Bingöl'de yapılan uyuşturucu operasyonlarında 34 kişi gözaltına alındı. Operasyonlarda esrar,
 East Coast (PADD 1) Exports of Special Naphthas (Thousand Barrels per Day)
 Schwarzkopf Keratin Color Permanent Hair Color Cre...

--------

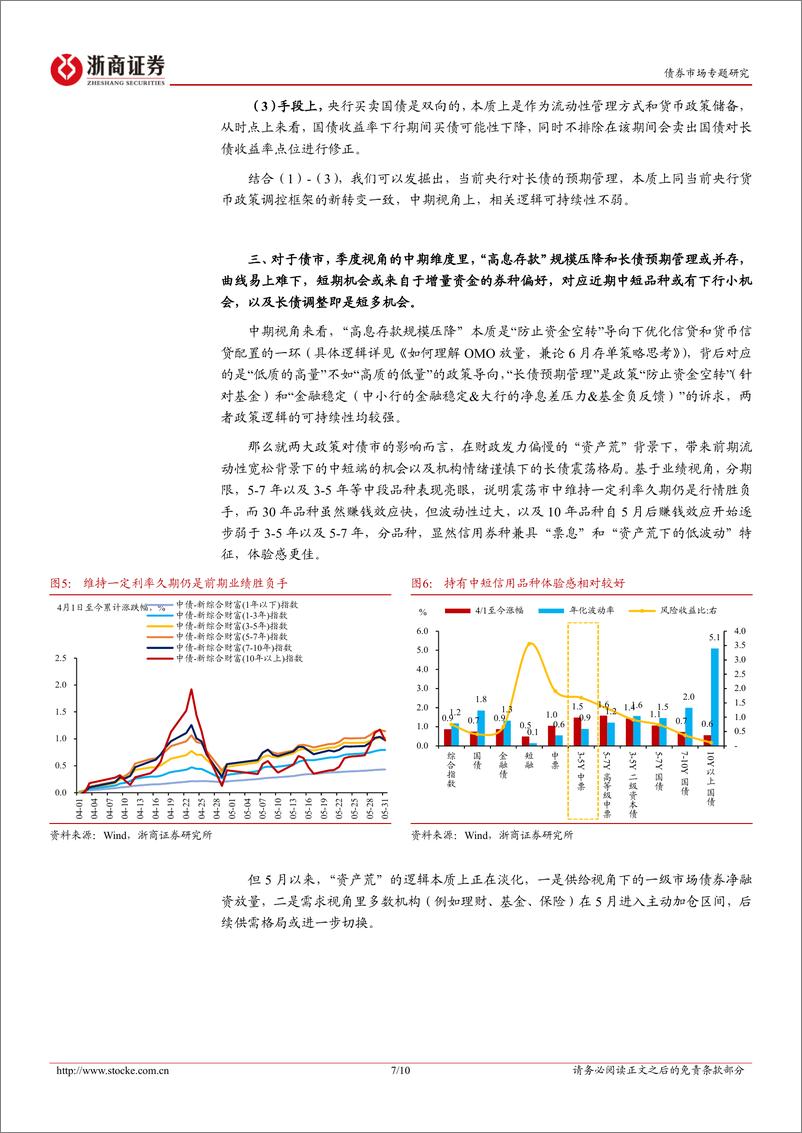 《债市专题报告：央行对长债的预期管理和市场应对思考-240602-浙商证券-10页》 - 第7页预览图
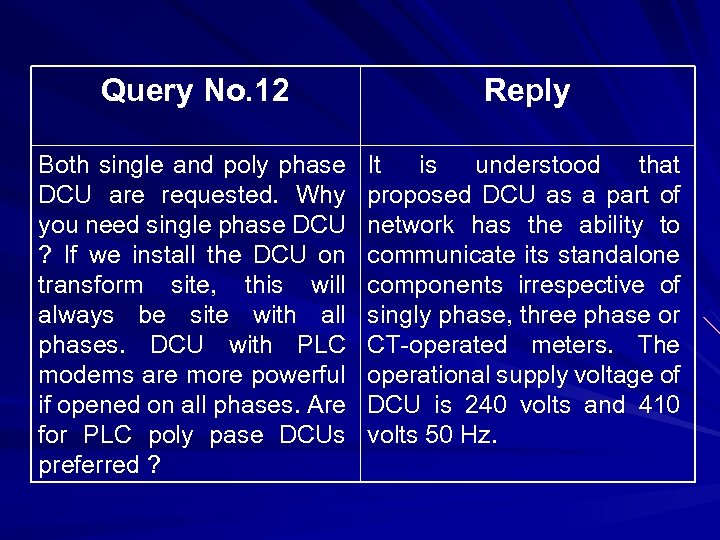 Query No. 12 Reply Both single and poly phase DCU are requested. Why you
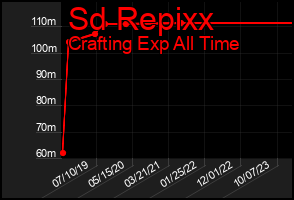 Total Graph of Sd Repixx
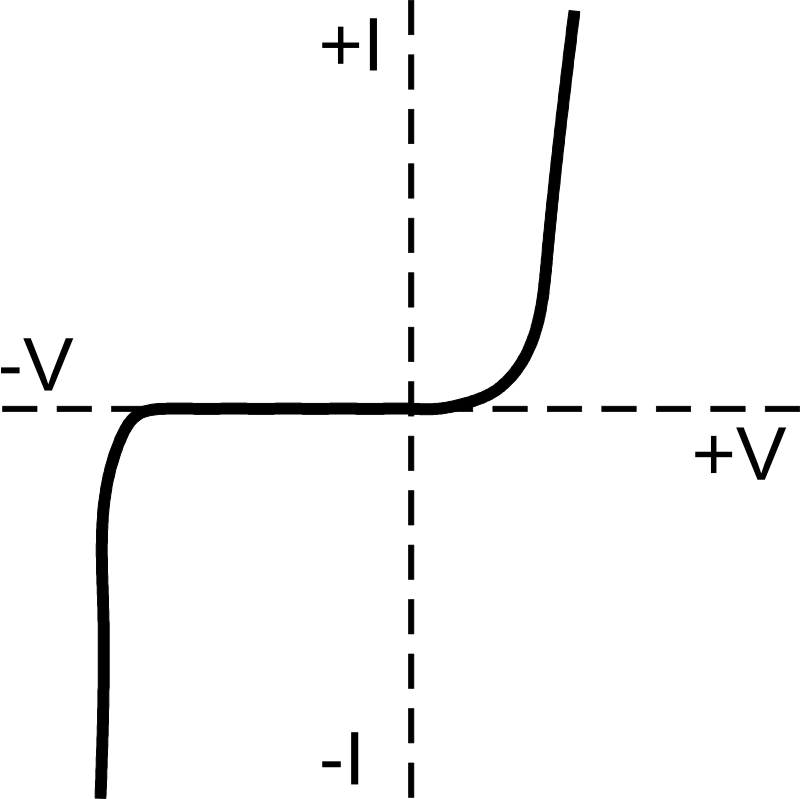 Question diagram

--------

### How to complete this task
Give back precisely the lines above that start at the line containing "Bingöl'de yapılan uyuşturucu" and end at the line containing "Schwarzkopf Keratin Color", inclusive. No other lines belong in the output.

### Response to this task
Bingöl'de yapılan uyuşturucu operasyonlarında 34 kişi gözaltına alındı. Operasyonlarda esrar,
 East Coast (PADD 1) Exports of Special Naphthas (Thousand Barrels per Day)
 Schwarzkopf Keratin Color Permanent Hair Color Cre...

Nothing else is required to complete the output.